Musharraf remanded over Benazir Bhutto case
- Published
A Pakistani court has ordered house arrest for ex-military ruler Pervez Musharraf in connection with the death of opposition leader Benazir Bhutto.
He was arrested late on Thursday over the long-standing accusation of failing to provide enough security for Ms Bhutto after she returned from exile.
Her assassination at an election rally in Rawalpindi that year was blamed by his government on the Taliban.
Under the terms of the order he will be held under house arrest for three days.
Mr Musharraf is already under house arrest at his home in Islamabad on charges connected to the dismissal of judges when he imposed emergency rule in November 2007. That remand order is set to expire in early May.
Reports say he will serve the three-day remand order connected to the Bhutto case concurrently.
He has dismissed all the cases against him as politically motivated.

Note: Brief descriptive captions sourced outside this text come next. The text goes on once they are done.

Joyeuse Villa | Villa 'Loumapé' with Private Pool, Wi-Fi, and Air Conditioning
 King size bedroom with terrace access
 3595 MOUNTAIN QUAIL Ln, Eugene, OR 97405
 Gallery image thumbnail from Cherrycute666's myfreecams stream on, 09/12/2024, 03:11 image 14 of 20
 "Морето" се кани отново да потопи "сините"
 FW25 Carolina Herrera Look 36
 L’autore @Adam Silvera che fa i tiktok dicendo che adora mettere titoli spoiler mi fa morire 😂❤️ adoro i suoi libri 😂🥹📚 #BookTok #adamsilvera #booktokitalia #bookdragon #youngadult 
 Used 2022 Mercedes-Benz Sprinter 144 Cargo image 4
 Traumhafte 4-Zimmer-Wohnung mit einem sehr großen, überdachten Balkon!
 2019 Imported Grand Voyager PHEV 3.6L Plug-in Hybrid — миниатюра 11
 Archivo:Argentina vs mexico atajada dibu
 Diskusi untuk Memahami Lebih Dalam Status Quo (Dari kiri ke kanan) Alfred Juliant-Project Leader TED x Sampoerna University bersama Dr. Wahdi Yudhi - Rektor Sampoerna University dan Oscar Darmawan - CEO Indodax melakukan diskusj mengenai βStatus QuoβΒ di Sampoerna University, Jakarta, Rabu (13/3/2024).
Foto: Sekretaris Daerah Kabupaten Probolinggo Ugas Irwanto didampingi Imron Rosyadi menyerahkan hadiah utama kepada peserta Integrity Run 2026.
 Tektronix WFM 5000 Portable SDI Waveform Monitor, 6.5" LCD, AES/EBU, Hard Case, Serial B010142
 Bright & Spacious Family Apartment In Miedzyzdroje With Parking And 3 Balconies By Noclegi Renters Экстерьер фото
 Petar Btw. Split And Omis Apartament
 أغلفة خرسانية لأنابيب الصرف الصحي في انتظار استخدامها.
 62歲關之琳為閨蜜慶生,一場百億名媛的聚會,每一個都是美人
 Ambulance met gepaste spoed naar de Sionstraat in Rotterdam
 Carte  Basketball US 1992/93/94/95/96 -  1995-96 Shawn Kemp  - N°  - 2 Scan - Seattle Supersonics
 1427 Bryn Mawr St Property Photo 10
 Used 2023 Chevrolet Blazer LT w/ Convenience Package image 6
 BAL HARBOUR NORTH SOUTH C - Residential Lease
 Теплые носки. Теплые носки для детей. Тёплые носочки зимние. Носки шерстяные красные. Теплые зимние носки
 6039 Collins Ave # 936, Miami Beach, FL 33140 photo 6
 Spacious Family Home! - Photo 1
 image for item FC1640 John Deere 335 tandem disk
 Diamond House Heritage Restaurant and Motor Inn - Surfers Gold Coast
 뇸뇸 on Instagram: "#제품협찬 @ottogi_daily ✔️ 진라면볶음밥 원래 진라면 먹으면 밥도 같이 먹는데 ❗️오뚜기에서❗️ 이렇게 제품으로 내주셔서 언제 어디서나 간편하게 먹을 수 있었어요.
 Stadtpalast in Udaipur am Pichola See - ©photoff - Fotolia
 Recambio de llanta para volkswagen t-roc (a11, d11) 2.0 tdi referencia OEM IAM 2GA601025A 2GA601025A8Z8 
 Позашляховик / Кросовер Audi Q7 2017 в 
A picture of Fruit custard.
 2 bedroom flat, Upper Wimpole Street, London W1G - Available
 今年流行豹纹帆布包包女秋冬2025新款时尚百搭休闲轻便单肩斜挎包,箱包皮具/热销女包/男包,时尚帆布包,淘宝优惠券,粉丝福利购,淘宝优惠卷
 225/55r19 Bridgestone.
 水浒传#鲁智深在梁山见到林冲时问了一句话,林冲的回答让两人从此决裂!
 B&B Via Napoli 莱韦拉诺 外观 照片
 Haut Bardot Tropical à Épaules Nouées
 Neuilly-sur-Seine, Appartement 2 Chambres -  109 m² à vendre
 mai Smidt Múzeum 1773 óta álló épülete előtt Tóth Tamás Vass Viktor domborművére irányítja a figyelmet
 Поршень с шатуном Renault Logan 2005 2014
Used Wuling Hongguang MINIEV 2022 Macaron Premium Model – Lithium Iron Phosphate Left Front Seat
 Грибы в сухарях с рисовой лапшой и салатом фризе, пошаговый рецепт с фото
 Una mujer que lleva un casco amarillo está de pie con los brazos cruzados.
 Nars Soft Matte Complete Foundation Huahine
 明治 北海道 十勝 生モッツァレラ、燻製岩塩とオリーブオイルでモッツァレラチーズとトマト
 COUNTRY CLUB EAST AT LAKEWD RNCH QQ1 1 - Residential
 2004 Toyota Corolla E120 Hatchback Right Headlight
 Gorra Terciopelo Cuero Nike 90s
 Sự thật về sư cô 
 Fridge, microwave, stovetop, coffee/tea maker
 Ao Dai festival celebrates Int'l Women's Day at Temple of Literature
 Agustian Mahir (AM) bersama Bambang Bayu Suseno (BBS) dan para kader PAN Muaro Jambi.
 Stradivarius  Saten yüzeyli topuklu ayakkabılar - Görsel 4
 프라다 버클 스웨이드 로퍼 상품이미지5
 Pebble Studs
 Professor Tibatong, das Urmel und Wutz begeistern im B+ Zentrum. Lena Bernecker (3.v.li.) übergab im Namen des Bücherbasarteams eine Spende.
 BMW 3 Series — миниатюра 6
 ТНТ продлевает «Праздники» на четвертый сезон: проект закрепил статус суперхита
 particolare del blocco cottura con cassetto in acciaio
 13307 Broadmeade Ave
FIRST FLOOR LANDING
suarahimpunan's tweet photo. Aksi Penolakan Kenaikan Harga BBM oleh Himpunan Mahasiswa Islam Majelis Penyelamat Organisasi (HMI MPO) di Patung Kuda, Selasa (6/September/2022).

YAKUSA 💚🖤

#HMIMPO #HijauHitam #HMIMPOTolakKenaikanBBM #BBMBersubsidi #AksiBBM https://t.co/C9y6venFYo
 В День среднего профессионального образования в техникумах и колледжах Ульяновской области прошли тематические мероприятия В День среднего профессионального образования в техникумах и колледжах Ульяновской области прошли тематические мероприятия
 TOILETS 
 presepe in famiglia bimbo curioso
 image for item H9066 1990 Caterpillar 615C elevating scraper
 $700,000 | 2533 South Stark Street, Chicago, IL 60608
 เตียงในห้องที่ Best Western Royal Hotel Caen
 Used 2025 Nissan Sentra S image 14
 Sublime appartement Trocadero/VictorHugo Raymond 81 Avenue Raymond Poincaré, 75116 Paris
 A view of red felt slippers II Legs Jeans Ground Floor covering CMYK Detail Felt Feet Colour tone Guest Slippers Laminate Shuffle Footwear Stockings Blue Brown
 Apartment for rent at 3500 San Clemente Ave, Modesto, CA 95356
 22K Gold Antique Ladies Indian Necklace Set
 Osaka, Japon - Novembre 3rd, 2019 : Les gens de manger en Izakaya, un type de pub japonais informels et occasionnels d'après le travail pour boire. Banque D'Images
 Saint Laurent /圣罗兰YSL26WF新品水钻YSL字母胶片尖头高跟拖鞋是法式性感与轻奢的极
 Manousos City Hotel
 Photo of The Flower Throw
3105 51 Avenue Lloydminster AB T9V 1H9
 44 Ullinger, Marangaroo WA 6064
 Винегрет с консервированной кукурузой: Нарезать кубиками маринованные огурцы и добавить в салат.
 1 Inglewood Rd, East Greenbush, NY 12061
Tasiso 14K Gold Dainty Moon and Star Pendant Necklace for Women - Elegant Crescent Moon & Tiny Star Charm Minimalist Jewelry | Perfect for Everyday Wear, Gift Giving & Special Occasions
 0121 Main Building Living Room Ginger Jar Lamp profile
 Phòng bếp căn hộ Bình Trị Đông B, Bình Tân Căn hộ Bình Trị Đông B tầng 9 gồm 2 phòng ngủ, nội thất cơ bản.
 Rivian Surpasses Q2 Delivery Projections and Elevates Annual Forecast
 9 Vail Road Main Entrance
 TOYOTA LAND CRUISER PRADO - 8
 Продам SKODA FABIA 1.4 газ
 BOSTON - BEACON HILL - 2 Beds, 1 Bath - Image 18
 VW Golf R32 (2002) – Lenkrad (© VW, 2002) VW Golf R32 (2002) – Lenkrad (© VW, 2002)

The former military ruler returned to Pakistan from self-imposed exile in the hope that he could lead his party into elections next month, but he has been disqualified from standing in the polls.
He seized power in a coup in 1999 and ruled the country for nine years before being ousted in polls and ultimately left the country to live in exile in Dubai and London.
The Pakistani Taliban have also vowed to assassinate the former president.
A 2010 UN report said Benazir Bhutto's death could have been prevented and said that Mr Musharraf's government failed to provide enough protection - at the time his aides dismissed the report as a "pack of lies".